Input for this task:

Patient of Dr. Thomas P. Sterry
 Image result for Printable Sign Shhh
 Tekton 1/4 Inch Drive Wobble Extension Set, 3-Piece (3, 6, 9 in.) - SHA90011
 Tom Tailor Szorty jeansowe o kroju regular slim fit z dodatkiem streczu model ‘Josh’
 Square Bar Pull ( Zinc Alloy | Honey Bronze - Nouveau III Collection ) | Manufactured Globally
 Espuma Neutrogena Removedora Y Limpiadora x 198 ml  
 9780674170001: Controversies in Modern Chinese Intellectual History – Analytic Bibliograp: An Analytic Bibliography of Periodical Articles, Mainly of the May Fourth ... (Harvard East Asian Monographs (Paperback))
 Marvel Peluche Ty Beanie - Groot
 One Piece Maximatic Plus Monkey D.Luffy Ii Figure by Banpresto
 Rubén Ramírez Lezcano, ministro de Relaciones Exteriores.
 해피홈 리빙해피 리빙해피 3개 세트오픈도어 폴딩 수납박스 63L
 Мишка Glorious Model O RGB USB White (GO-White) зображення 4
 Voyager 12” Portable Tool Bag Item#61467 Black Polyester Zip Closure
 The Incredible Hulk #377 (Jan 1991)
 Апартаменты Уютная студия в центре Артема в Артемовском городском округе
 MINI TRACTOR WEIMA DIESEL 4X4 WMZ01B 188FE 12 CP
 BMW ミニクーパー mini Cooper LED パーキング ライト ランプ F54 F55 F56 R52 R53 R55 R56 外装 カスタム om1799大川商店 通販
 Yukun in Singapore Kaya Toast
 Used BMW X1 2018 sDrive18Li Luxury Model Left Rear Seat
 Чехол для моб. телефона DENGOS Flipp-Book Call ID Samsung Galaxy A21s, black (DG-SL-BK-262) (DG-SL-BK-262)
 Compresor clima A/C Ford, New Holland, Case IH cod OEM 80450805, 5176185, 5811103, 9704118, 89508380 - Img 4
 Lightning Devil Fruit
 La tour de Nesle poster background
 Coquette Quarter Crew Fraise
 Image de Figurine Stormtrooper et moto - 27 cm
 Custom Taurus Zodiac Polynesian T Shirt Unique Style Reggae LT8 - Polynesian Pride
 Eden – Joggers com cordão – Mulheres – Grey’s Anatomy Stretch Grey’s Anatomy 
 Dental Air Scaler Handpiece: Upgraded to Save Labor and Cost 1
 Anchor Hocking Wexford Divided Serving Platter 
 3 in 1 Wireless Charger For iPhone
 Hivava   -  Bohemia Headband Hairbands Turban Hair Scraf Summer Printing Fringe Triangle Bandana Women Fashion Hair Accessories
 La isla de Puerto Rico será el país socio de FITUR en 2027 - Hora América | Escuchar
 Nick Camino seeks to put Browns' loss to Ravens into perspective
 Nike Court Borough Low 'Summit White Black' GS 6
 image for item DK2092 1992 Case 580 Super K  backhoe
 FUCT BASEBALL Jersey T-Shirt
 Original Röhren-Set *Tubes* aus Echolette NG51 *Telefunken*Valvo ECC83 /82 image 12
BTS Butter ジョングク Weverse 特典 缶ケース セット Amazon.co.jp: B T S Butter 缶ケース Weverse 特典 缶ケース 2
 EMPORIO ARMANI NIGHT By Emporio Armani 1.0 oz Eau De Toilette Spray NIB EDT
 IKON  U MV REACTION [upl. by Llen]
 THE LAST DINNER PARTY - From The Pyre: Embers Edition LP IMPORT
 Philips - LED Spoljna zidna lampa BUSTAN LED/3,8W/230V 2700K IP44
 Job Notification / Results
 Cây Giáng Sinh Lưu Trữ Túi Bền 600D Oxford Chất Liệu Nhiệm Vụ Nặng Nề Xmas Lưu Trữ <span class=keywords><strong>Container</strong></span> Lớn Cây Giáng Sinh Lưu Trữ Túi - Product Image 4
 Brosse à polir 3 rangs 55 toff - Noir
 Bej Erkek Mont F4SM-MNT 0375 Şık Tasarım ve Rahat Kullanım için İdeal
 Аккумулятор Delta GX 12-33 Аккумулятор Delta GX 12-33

Exercise instructions: Please return every line of the data, unaltered.

Result:
Patient of Dr. Thomas P. Sterry
 Image result for Printable Sign Shhh
 Tekton 1/4 Inch Drive Wobble Extension Set, 3-Piece (3, 6, 9 in.) - SHA90011
 Tom Tailor Szorty jeansowe o kroju regular slim fit z dodatkiem streczu model ‘Josh’
 Square Bar Pull ( Zinc Alloy | Honey Bronze - Nouveau III Collection ) | Manufactured Globally
 Espuma Neutrogena Removedora Y Limpiadora x 198 ml  
 9780674170001: Controversies in Modern Chinese Intellectual History – Analytic Bibliograp: An Analytic Bibliography of Periodical Articles, Mainly of the May Fourth ... (Harvard East Asian Monographs (Paperback))
 Marvel Peluche Ty Beanie - Groot
 One Piece Maximatic Plus Monkey D.Luffy Ii Figure by Banpresto
 Rubén Ramírez Lezcano, ministro de Relaciones Exteriores.
 해피홈 리빙해피 리빙해피 3개 세트오픈도어 폴딩 수납박스 63L
 Мишка Glorious Model O RGB USB White (GO-White) зображення 4
 Voyager 12” Portable Tool Bag Item#61467 Black Polyester Zip Closure
 The Incredible Hulk #377 (Jan 1991)
 Апартаменты Уютная студия в центре Артема в Артемовском городском округе
 MINI TRACTOR WEIMA DIESEL 4X4 WMZ01B 188FE 12 CP
 BMW ミニクーパー mini Cooper LED パーキング ライト ランプ F54 F55 F56 R52 R53 R55 R56 外装 カスタム om1799大川商店 通販
 Yukun in Singapore Kaya Toast
 Used BMW X1 2018 sDrive18Li Luxury Model Left Rear Seat
 Чехол для моб. телефона DENGOS Flipp-Book Call ID Samsung Galaxy A21s, black (DG-SL-BK-262) (DG-SL-BK-262)
 Compresor clima A/C Ford, New Holland, Case IH cod OEM 80450805, 5176185, 5811103, 9704118, 89508380 - Img 4
 Lightning Devil Fruit
 La tour de Nesle poster background
 Coquette Quarter Crew Fraise
 Image de Figurine Stormtrooper et moto - 27 cm
 Custom Taurus Zodiac Polynesian T Shirt Unique Style Reggae LT8 - Polynesian Pride
 Eden – Joggers com cordão – Mulheres – Grey’s Anatomy Stretch Grey’s Anatomy 
 Dental Air Scaler Handpiece: Upgraded to Save Labor and Cost 1
 Anchor Hocking Wexford Divided Serving Platter 
 3 in 1 Wireless Charger For iPhone
 Hivava   -  Bohemia Headband Hairbands Turban Hair Scraf Summer Printing Fringe Triangle Bandana Women Fashion Hair Accessories
 La isla de Puerto Rico será el país socio de FITUR en 2027 - Hora América | Escuchar
 Nick Camino seeks to put Browns' loss to Ravens into perspective
 Nike Court Borough Low 'Summit White Black' GS 6
 image for item DK2092 1992 Case 580 Super K  backhoe
 FUCT BASEBALL Jersey T-Shirt
 Original Röhren-Set *Tubes* aus Echolette NG51 *Telefunken*Valvo ECC83 /82 image 12
BTS Butter ジョングク Weverse 特典 缶ケース セット Amazon.co.jp: B T S Butter 缶ケース Weverse 特典 缶ケース 2
 EMPORIO ARMANI NIGHT By Emporio Armani 1.0 oz Eau De Toilette Spray NIB EDT
 IKON  U MV REACTION [upl. by Llen]
 THE LAST DINNER PARTY - From The Pyre: Embers Edition LP IMPORT
 Philips - LED Spoljna zidna lampa BUSTAN LED/3,8W/230V 2700K IP44
 Job Notification / Results
 Cây Giáng Sinh Lưu Trữ Túi Bền 600D Oxford Chất Liệu Nhiệm Vụ Nặng Nề Xmas Lưu Trữ <span class=keywords><strong>Container</strong></span> Lớn Cây Giáng Sinh Lưu Trữ Túi - Product Image 4
 Brosse à polir 3 rangs 55 toff - Noir
 Bej Erkek Mont F4SM-MNT 0375 Şık Tasarım ve Rahat Kullanım için İdeal
 Аккумулятор Delta GX 12-33 Аккумулятор Delta GX 12-33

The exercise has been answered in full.